Task item »
Give back the full listing verbatim, apart from its images.
*** Opening Information supplied ***
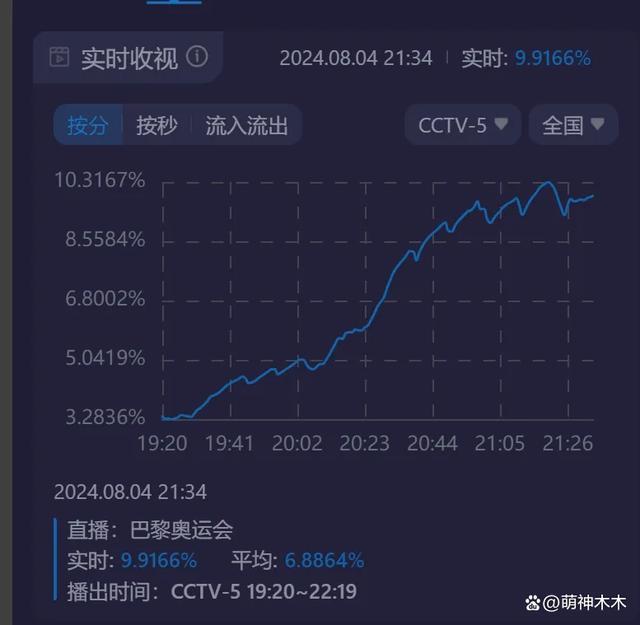 巴黎奥运樊振东人气爆棚 星光熠熠，独领风骚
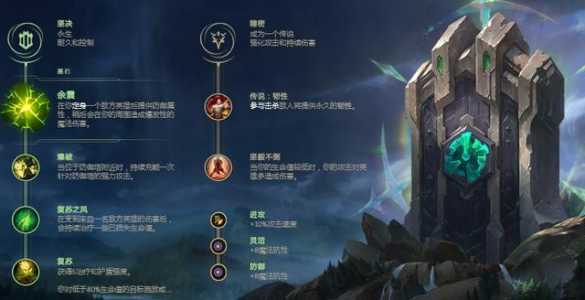 S11赛季LOL扎克最全出装攻略推荐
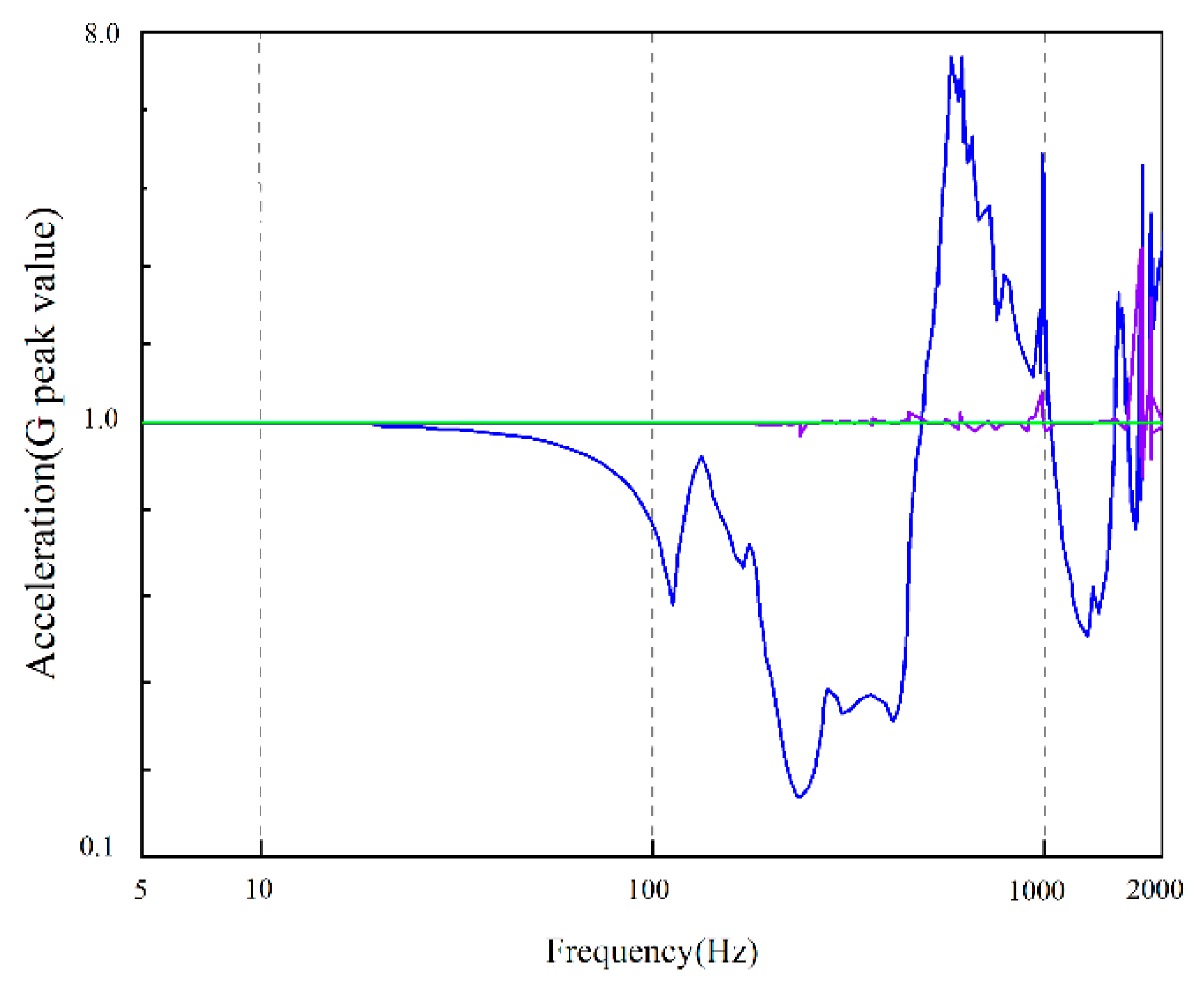 Aerospace 11 01049 g008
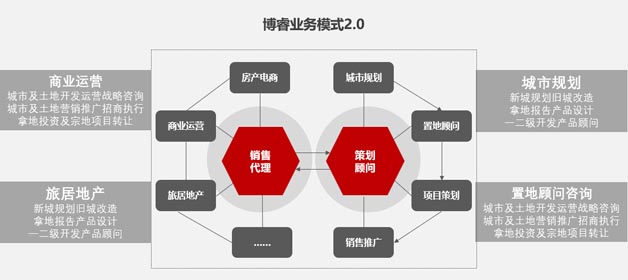 博睿營銷2.0戰略布局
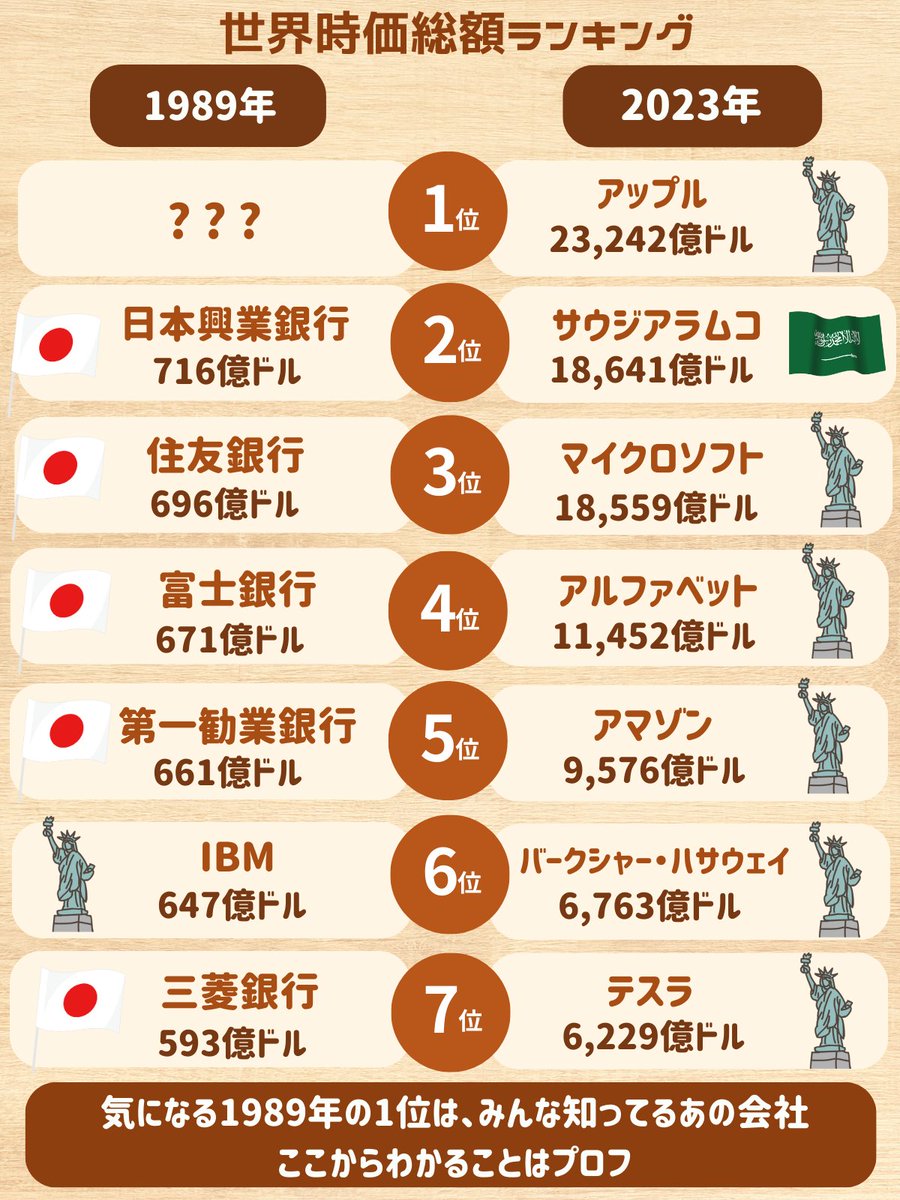 あおい@ズボラ主婦 (@aoi_clear) / Posts / X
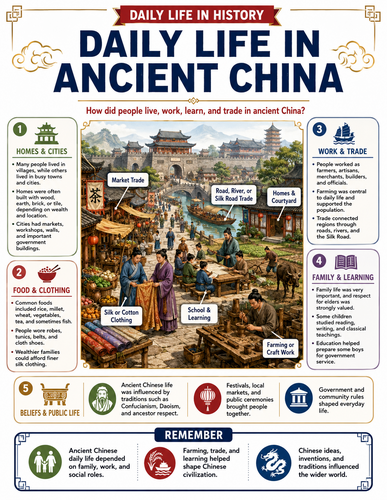 Daily Life in Ancient China I Infographic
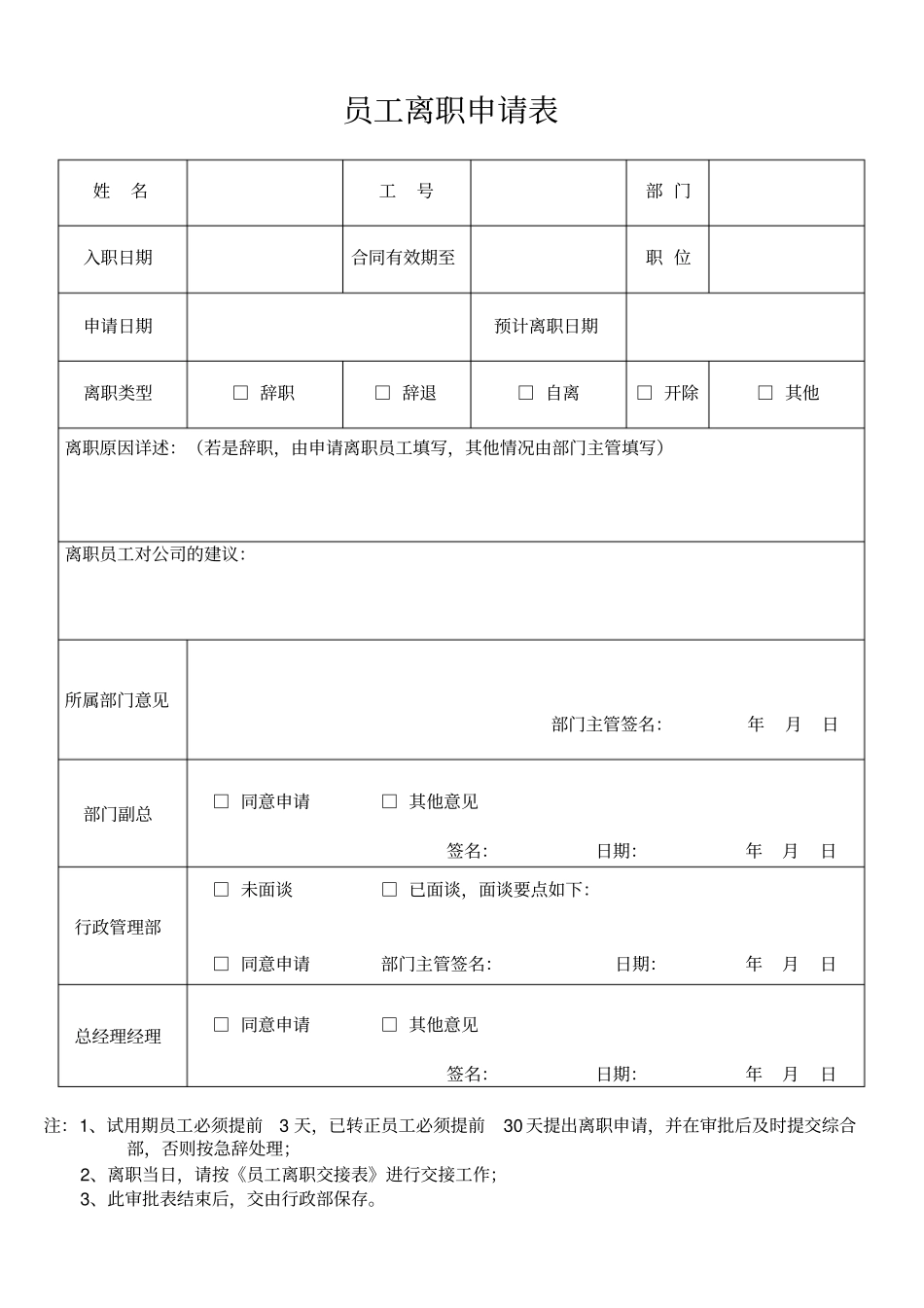 完整版员工离职申请表_第1页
*** Closing Information supplied ***
Expected output »
 巴黎奥运樊振东人气爆棚 星光熠熠，独领风骚
 S11赛季LOL扎克最全出装攻略推荐
 Aerospace 11 01049 g008
 博睿營銷2.0戰略布局
 あおい@ズボラ主婦 (@aoi_clear) / Posts / X
 Daily Life in Ancient China I Infographic
 完整版员工离职申请表_第1页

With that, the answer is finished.